Jamie Mayers sta scontando otto anni per rapina e aggressione a un poliziotto. Arriva nella Prigione di Stato di Trenton coi ferri ai polsi e alle caviglie, e con la sua gioventù fratturata dallo stesso odio che gli tiene alta la testa e fermo lo sguardo.
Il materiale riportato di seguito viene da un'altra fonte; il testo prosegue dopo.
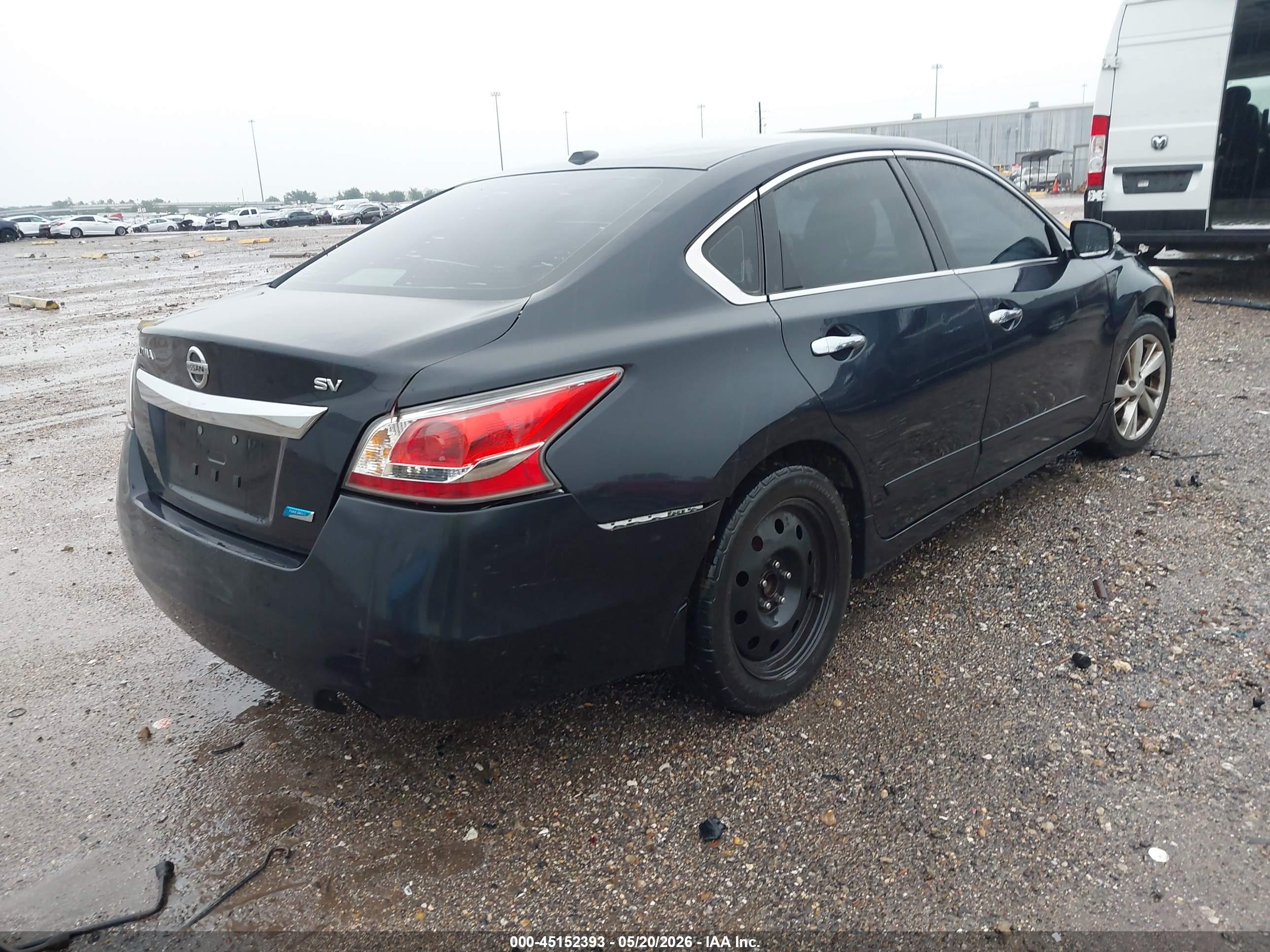 NISSAN ALTIMA image 4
Quando stava al minorile, e aspettava di sapere dove sarebbe stato trasferito, sperava di non finirci a Trenton, il carcere più duro del New Jersey. E adesso si ritrova a varcare proprio quei cancelli. Con tanta visibile rabbia. E tanta celata paura.
Gli viene assegnata una cella che per molti ha un valore particolare: è stata la cella che Rubin “Hurricane” Carter occupava nel 1985, l’anno in cui venne liberato, dopo ben due decenni passati in galera. Condannato a scontare tre ergastoli, ma innocente. Con la colpa del colore della pelle, però. Carter era stato un campione di boxe, prima dell’ingiusta pena. A sua difesa, nel 1976 Bob Dylan aveva composto e cantato il brano “Hurricane”.
Ma Jamie è giovane, non conosce Bob Dylan.
Ed è bianco, non conosce Rubin Carter.
Caratteristiche che, associate al fatto che il ragazzo sprizza ira, a tratti boria, non possono che infastidire il veterano Brian, un ergastolano sessantenne.
La ricorrenza della liberazione di Rubin Carter si trasformerà nell’occasione per provare a cambiare qualcosa.